Provided material:

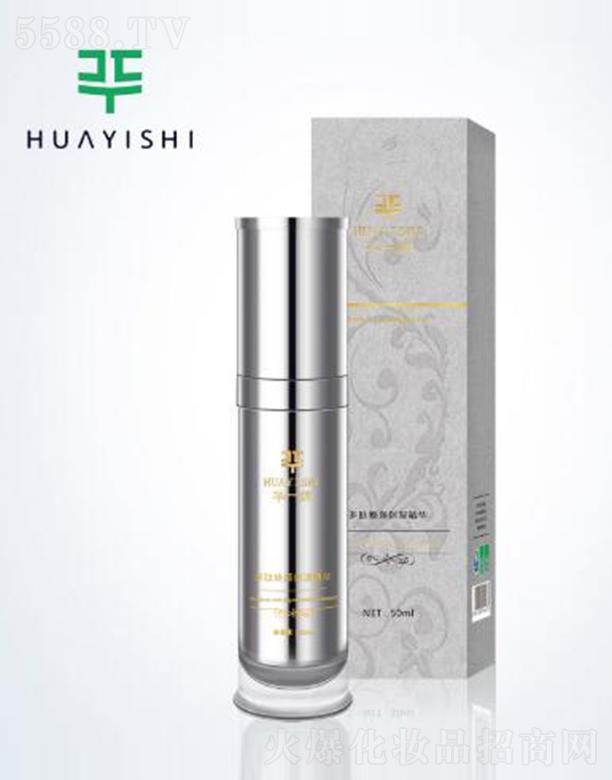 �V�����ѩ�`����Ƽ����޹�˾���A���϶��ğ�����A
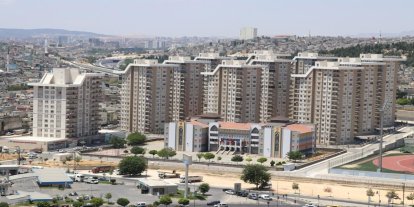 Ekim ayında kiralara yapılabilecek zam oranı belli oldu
* * *
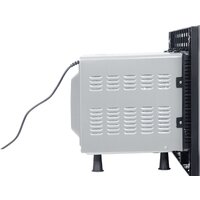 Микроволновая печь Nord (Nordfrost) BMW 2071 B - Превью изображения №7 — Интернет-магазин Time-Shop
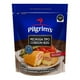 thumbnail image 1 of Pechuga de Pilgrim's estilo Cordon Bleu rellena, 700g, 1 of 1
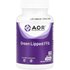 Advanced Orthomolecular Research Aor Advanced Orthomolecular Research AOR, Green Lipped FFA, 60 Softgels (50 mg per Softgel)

What is expected:
Pictures excluded, reproduce only the part above that opens with the line holding "Микроволновая печь Nord" and closes with the line holding "Advanced Orthomolecular Research Aor Advanced", exactly as written.

Solved exercise:
 Микроволновая печь Nord (Nordfrost) BMW 2071 B - Превью изображения №7 — Интернет-магазин Time-Shop
 thumbnail image 1 of Pechuga de Pilgrim's estilo Cordon Bleu rellena, 700g, 1 of 1
 Advanced Orthomolecular Research Aor Advanced Orthomolecular Research AOR, Green Lipped FFA, 60 Softgels (50 mg per Softgel)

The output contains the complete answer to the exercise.